Ant has a nice way to select groups of files, most handily using ** to indicate a directory tree. E.g.

**/CVS/*            # All files immediately under a CVS directory.
mydir/mysubdir/**   # All files recursively under mysubdir

More examples can be seen here:


How would you implement this in python, so that you could do something like:

files = get_files("**/CVS/*")
for file in files:
    print file

+2  A: 

os.walk is your friend. Look at the example is in the Python manual (http://www.python.org/doc/2.6/library/os.html#os.walk) and try to build something from that.

To match "**/CVS/*" against a file name you get, you can do something like this:

def match(pattern, filename):
    if pattern.startswith("**"):
        return fnmatch.fnmatch(file, pattern[1:])
        return fnmatch.fnmatch(file, pattern)

In fnmatch.fnmatch, "*" matches anything (including slashes).

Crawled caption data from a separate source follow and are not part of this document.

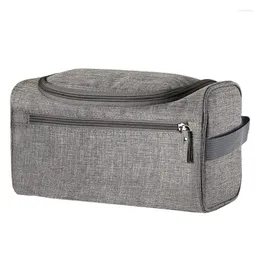 Sacos de armazenamento compõem bolsa que viaja de higiene pessoal à prova d'água para homens viajantes viagens de banho de banho de banheiro de banheiro com higiene pessoal com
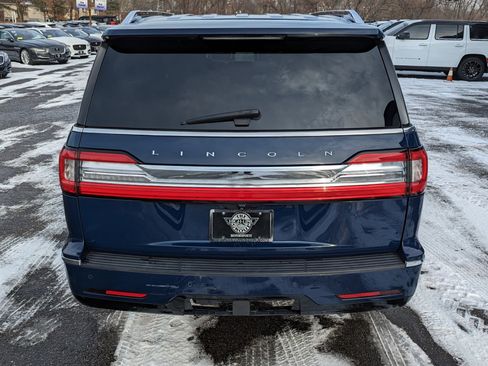 Used 2020 Lincoln Navigator L Reserve w/ Equipment Group 201A Reserve image 8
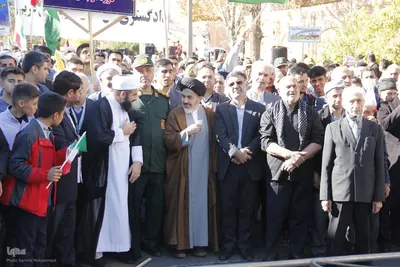 تجمع مردم ارومیه در حمایت از کودکان مظلوم غزه‎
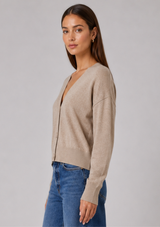 OLIVE CARDIGAN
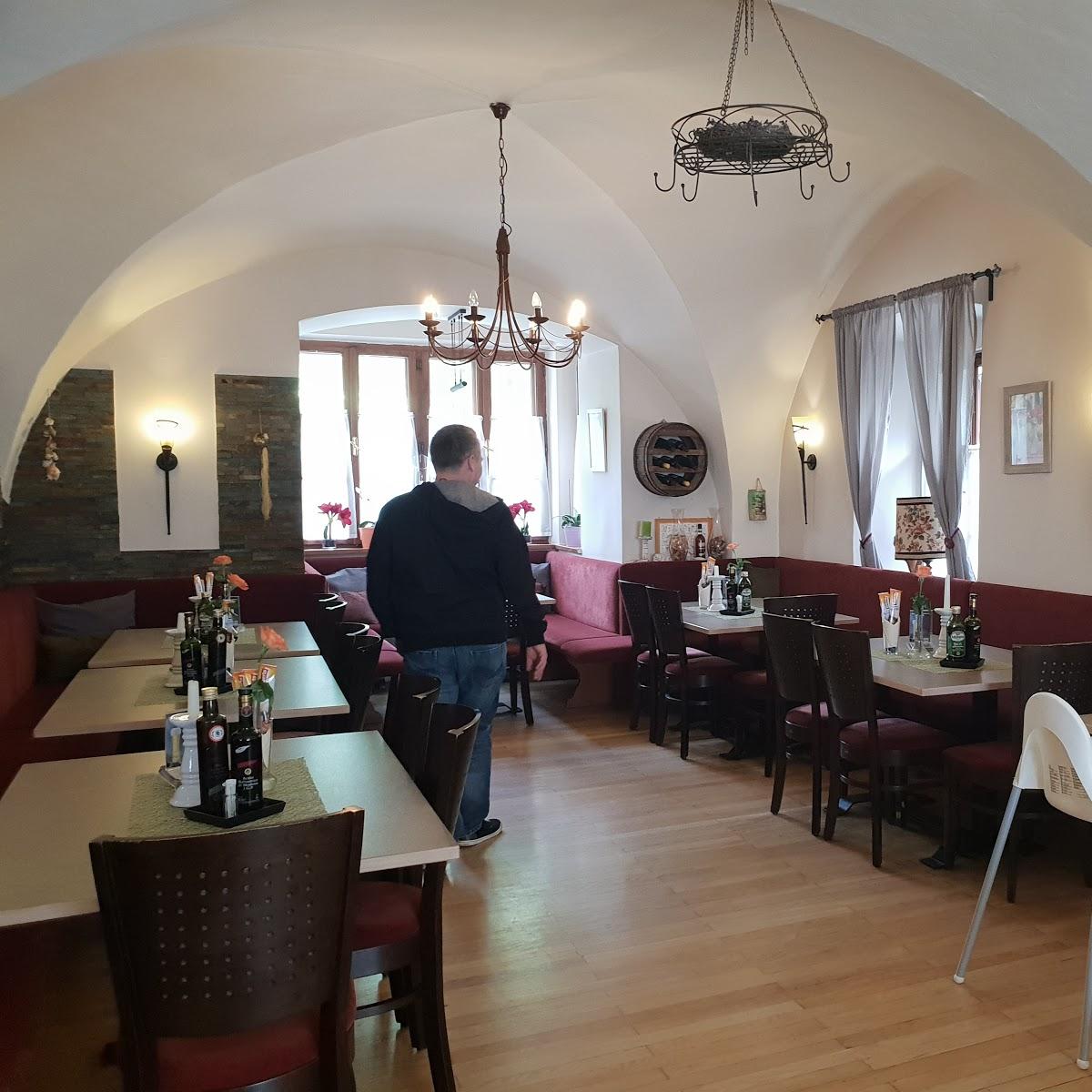 Restaurant "Trattoria Mario" in Henndorf am Wallersee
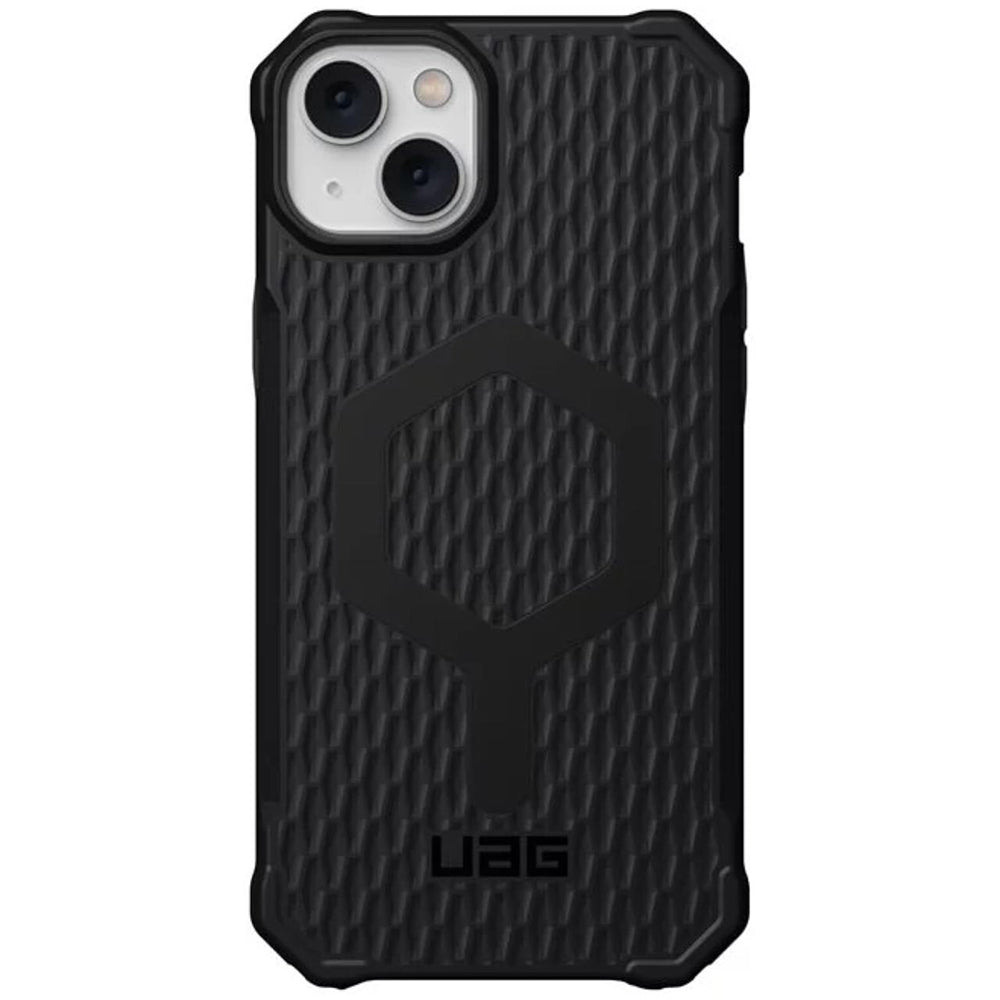 MagSafe-deksel for Apple iPhone 14 Plus, Urban Armor Gear, Essential Armor, svart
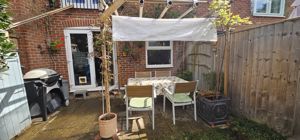 Patio Area- click for photo gallery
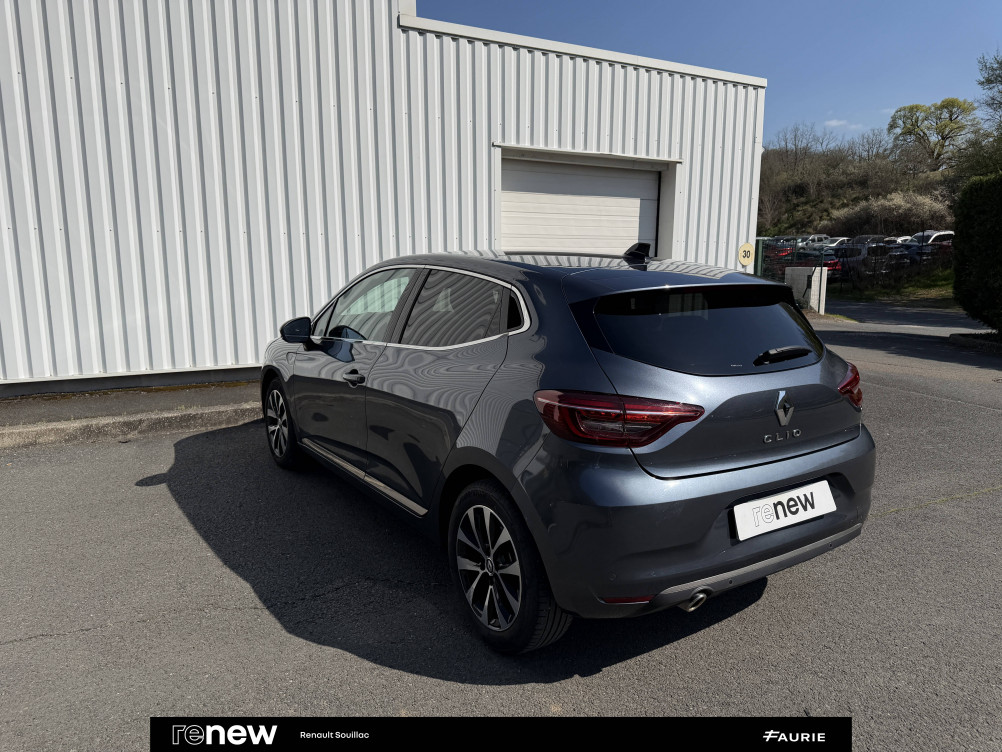 Acheter Renault Clio 5 Clio TCe 140 Techno 5p occasion dans les concessions du Groupe Faurie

That's fine for enumerating a tree of files. The problem would be determining whether a particular file matches the given search pattern. E.g. Does '/mydir/CVS/Entries' match the given '**/CVS/*' pattern?
Yes, but once you've started walking, matching files is simply a matter of translating the fileset expression into a suitable regular expression and filtering the results.
Aaron Maenpaa

Yup. Your best bet is, as has already been suggested, to work with 'os.walk'. Or, write wrappers around 'glob' and 'fnmatch' modules, perhaps.

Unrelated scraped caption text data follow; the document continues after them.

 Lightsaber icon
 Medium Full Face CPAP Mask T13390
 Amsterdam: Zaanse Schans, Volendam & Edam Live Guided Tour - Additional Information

os.walk is your best bet for this. I did the example below with .svn because I had that handy, and it worked great:

import re

for (dirpath, dirnames, filenames) in os.walk("."):
    if re.search(r'\.svn$', dirpath):
        for file in filenames:
            print file
Jack M.
+3  A: 

As soon as you come across a **, you're going to have to recurse through the whole directory structure, so I think at that point, the easiest method is to iterate through the directory with os.walk, construct a path, and then check if it matches the pattern. You can probably convert to a regex by something like:

def glob_to_regex(pat, dirsep=os.sep):
    dirsep = re.escape(dirsep)
    print re.escape(pat)
    regex = (re.escape(pat).replace("\\*\\*"+dirsep,".*")
                           .replace("\\*","[^%s]*" % dirsep)
                           .replace("\\?","[^%s]" % dirsep))
    return re.compile(regex+"$")

(Though note that this isn't that fully featured - it doesn't support [a-z] style glob patterns for instance, though this could probably be added). (The first **/ match is to cover cases like '**/CVS' matching ./CVS, as well as having just ** to match at the tail.)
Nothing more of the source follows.